Activity:
Print the line containing "White Blossoms on" and all lines after it to the end of the records below, exactly as written. No pictures.

Data for this task:
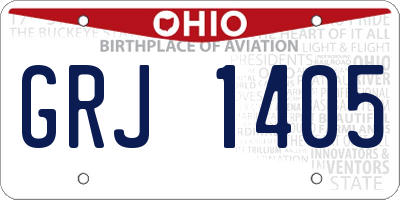 OH license plate GRJ1405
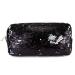 Jawseu glitter glossy girls feather pencil case women sequin wallet cosmetics bag make-up bag big capacity pencil case travel make-up bag wallet black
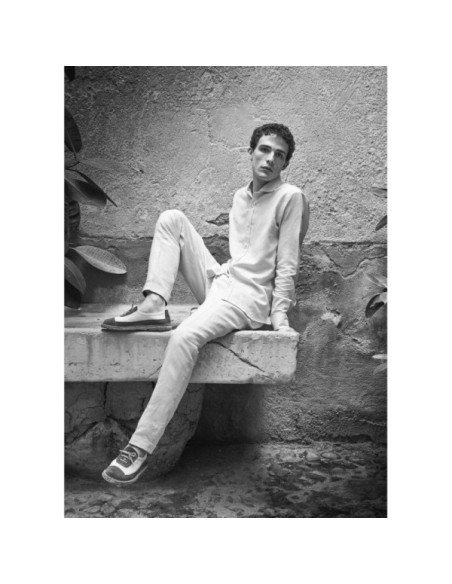 Camisa Algodón & Lino Cuello Italiano - MONGE - Handmade shoes from Mallorca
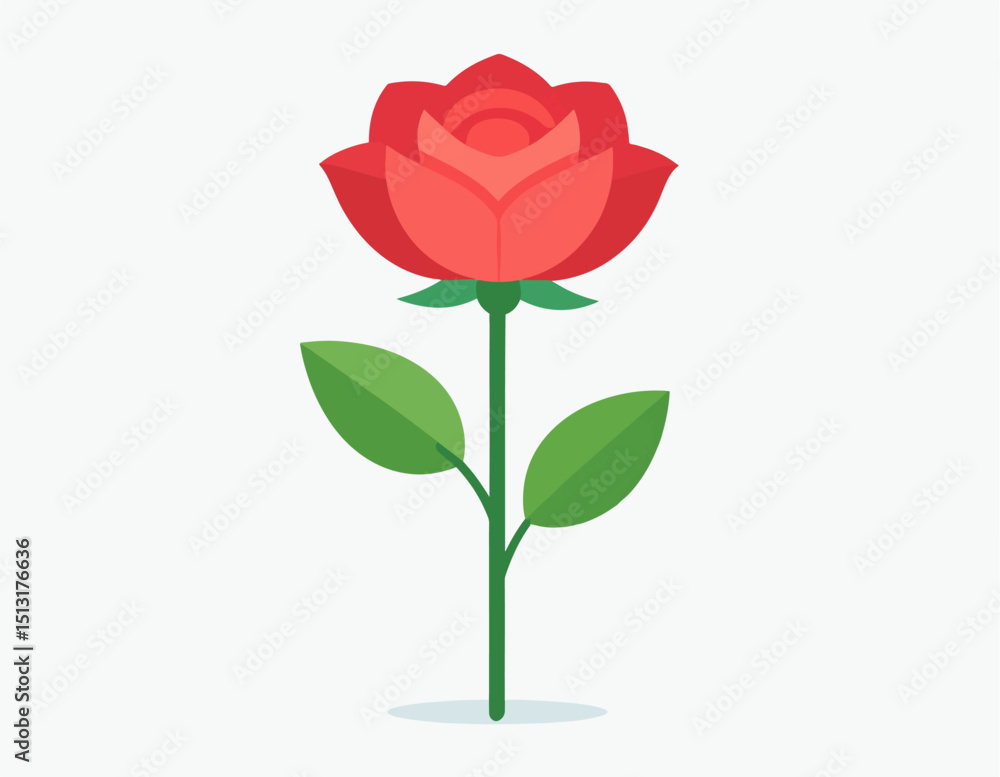 Obraz premium A simplified red rose illustration with green leaves and stem against a white background with a subtle drop shadow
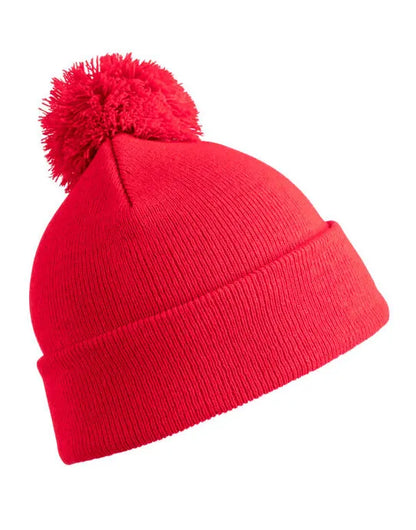 Result Winter Essentials Pom Pom Beanie rc028x - Red O S - Customisable Caps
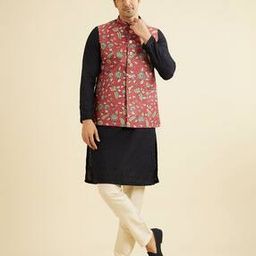 Men Floral Print Regular Fit Nehru Jacket-image-65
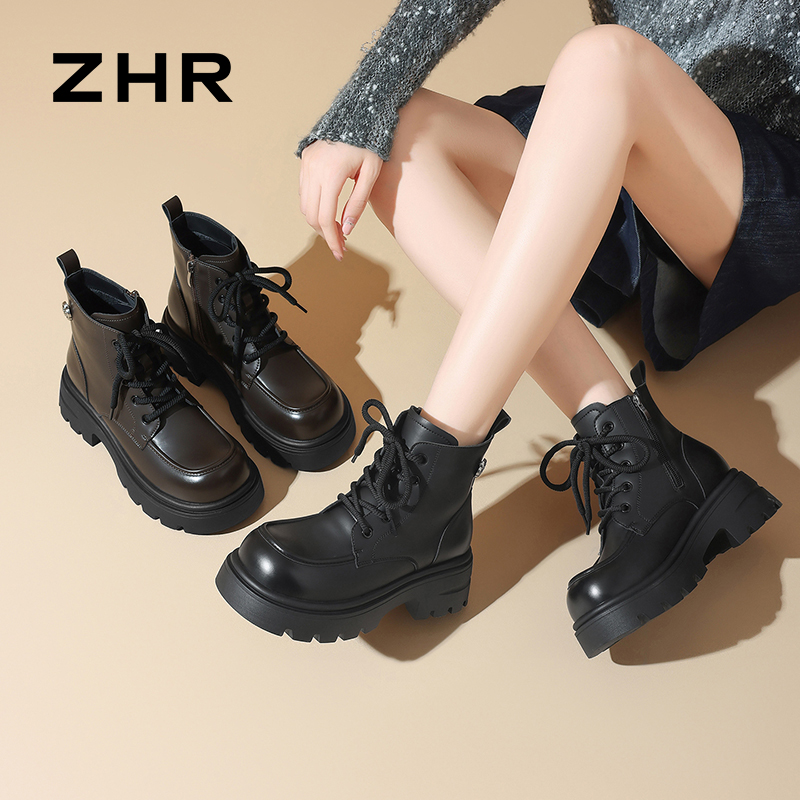 12736764.【ZHR则则】马丁靴圆头侧拉链厚底女鞋[PU]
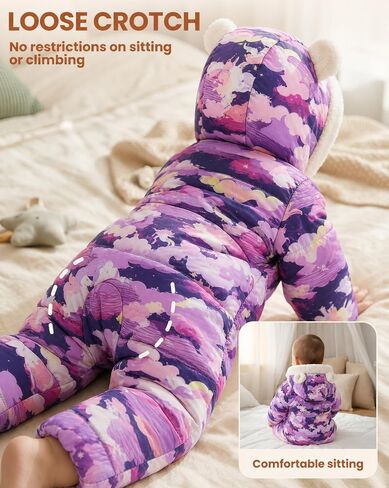 JiAmy Baby Winter Snowsuit,Girls Boys Hooded Warm Romper,Infant Double Zipper Jumpsuit Newborn baby Winter Outfits in Kuwait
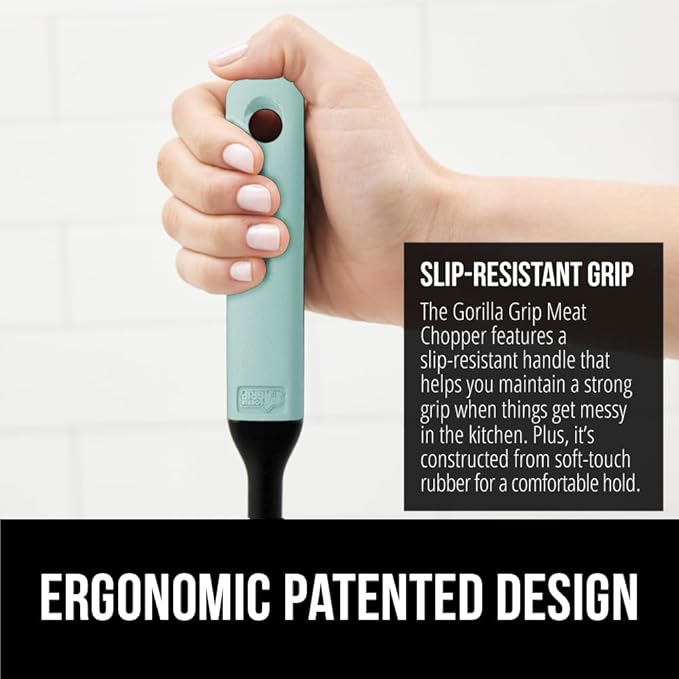 GORILLA GRIP Patented Heat Resistant Meat Chopper, Soft Handle, Nonstick Hamburger Smasher, Break Apart Food, Safe on All Cookware Ground Beef Grinder, Non Scratch Potato Masher Kitchen Tool, Mint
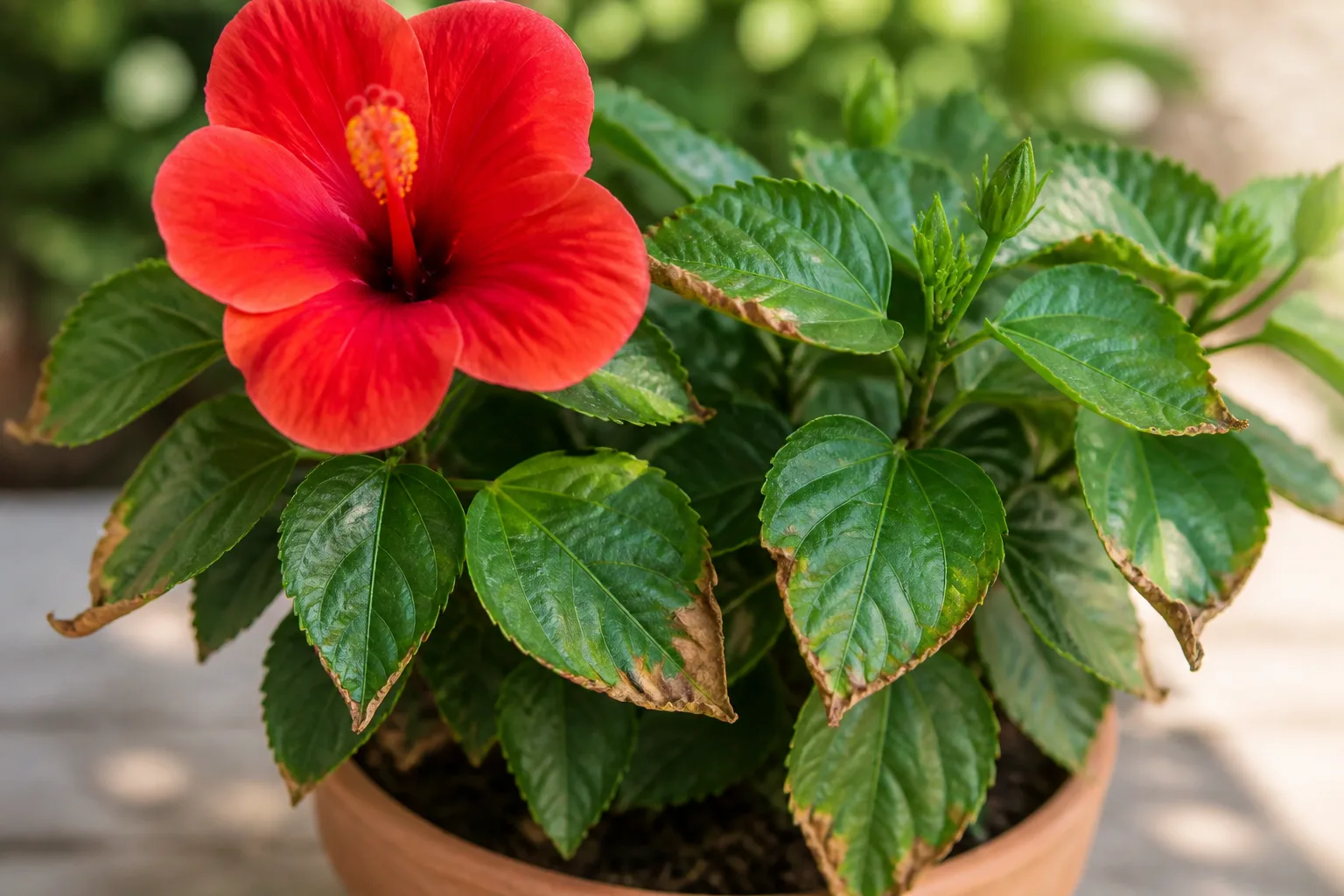 Brown Tips on Hibiscus - visible symptom on the plant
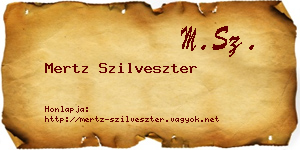 Mertz Szilveszter névjegykártya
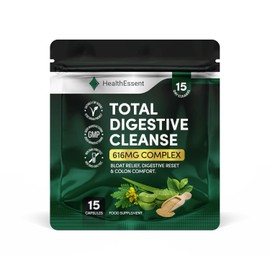 HealthEssent Total Digestive Cleanse, Fibre & Botanical Blend for Digestive Support, Gut Balance & Daily Comfort - 15 Day Programme - 15 Vegan Capsules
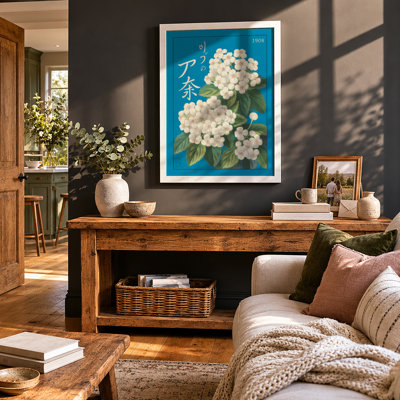 White Blossoms on Turquoise Botanical - Framed Print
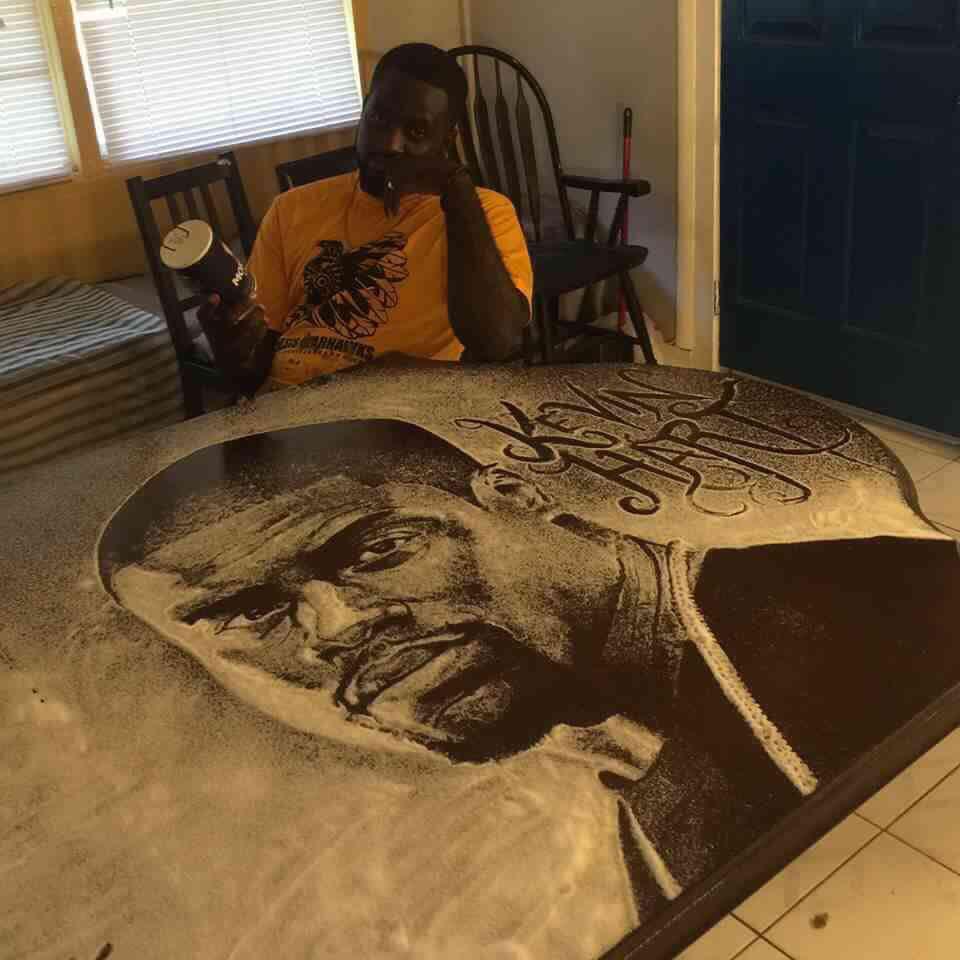 KevinHart4real's tweet photo. Wow I'm just now seeing this....This artist is amazing. I can't believe that he did this with salt....I'm blown away http://t.co/YUPiPPZhkf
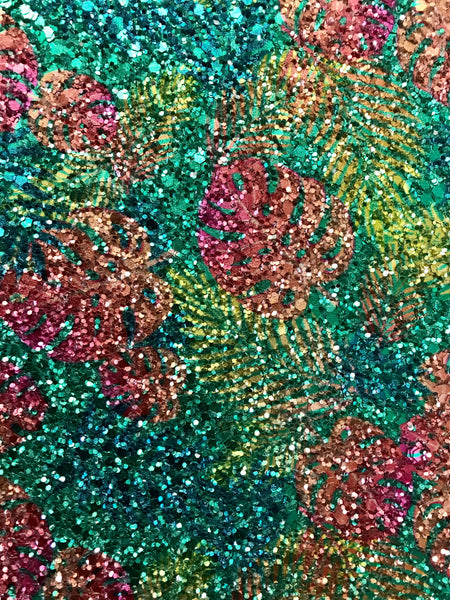 Hawaiian Leaf Glitter Wallpaper - Glam Multi On Teal | Glitter Walls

Expected answer:
 White Blossoms on Turquoise Botanical - Framed Print
 KevinHart4real's tweet photo. Wow I'm just now seeing this....This artist is amazing. I can't believe that he did this with salt....I'm blown away http://t.co/YUPiPPZhkf
 Hawaiian Leaf Glitter Wallpaper - Glam Multi On Teal | Glitter Walls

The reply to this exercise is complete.